Rapid SMS: 10 years of E-health
Saturday, December 28, 2019
The programme tracks pregnant women and promotes and monitors antenatal care through community health workers.

Christine Uruvugundi is animatedly engaged with her mobile phone under a tree outside Karwasa Health Centre in Musanze District. She is also looking through a handful of documents on her lap.

She is a community health worker (CHW). Her task is to keep tabs on pregnant mothers from the time the pregnancy is announced until delivery. She also makes follow-ups on malaria cases and other community case management. And she follows up the life of a child after birth in the outskirts of Musanze.

This, Uruvugundi says, was difficult to do until she started using the Rapid SMS programme to convey all the messages related to the state of pregnant mothers, and people with community management cases, to the concerned institutions, mainly those under the Ministry of Health.

As Rwanda is highly pacing in technology, the health sector is not left behind. In 2009, the Rwandan health sector realised that the number of women giving birth in hospitals was low, and infant mortality rate was high. Health officials also say traditional birth attendants, who lacked expertise to handle infections or complications, performed most of the deliveries before the programme was implemented. This made Rwanda come up with a technology initiative to curb the narrative.

The adoption of the technology kicked off with the sensitisation of local community health workers, hospital staff and the general public. 10 years later, the results are impressive. The programme had purposes of tracking all pregnant women, hence, reach every pregnancy, promote and monitor antenatal care through CHWs, increase communication between CHWs and health centres, identify and refer to women at risk and prompt death audit.

"A lot of parents were having little or no knowledge at all about their pregnancies and their kids’ health. Therefore, we realised technology as a tool that can curb the narrative”, says Dr David Ndayishimiye, the rapid SMS project manager.

He also explains that in the case of an emergency, rapid SMS helps in decreasing transit time from arrival to hospital to entering theatres, thus, it reduces the rate of maternal deaths and other unexpected deaths caused by avoidable conditions.

The project was first modelled in Musanze District in 2009 and after its trial, it started the regional operation in 2012.

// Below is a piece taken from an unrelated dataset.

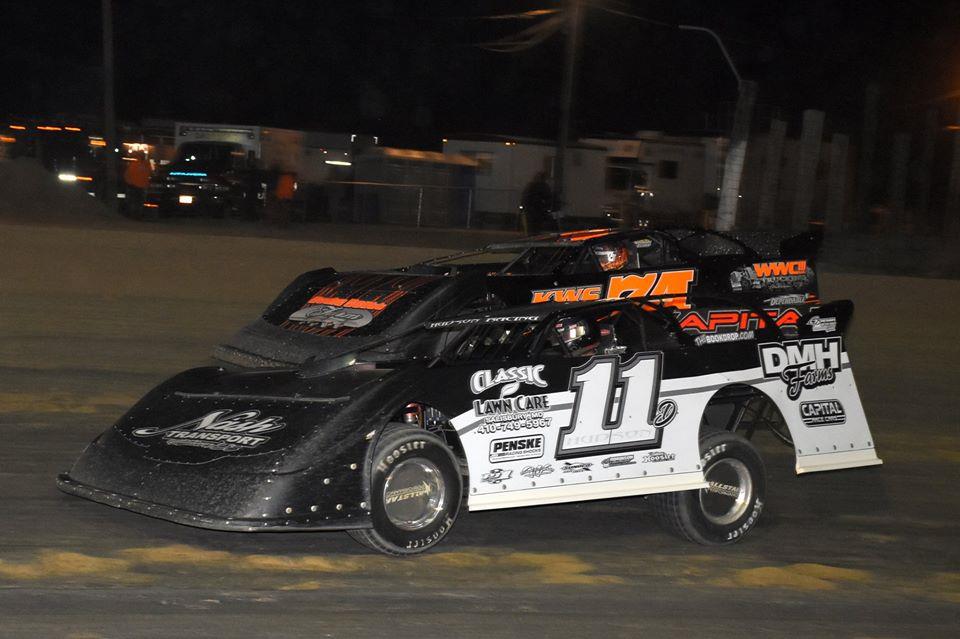 Next Event: Battle of the Bay RUSH Crate Late Model Tour, Sunoco Big-Block/Small-Block Modifieds, Delmarva Chargers, Delaware Super Trucks Thursday, A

It works in a way that when a person has a problem, the community health worker approaches and helps. They use USSD network patterns that do not require internet or fee charges. They are installed in all 60,000 community health workers’ phones in Rwanda. 

Many expectant and new parents bear witness to the improvement in health service delivery as a result of this technology. They commend CHWs for helping them in various ways when they were pregnant until delivery, and working closely with them to raise their new-borns through counselling.

After analysing its impact, The Ministry of Health through RBC added the section of community case management which comprises of three common diseases: malaria, diarrhoea and pneumonia as another section of diseases that were rising drastically also.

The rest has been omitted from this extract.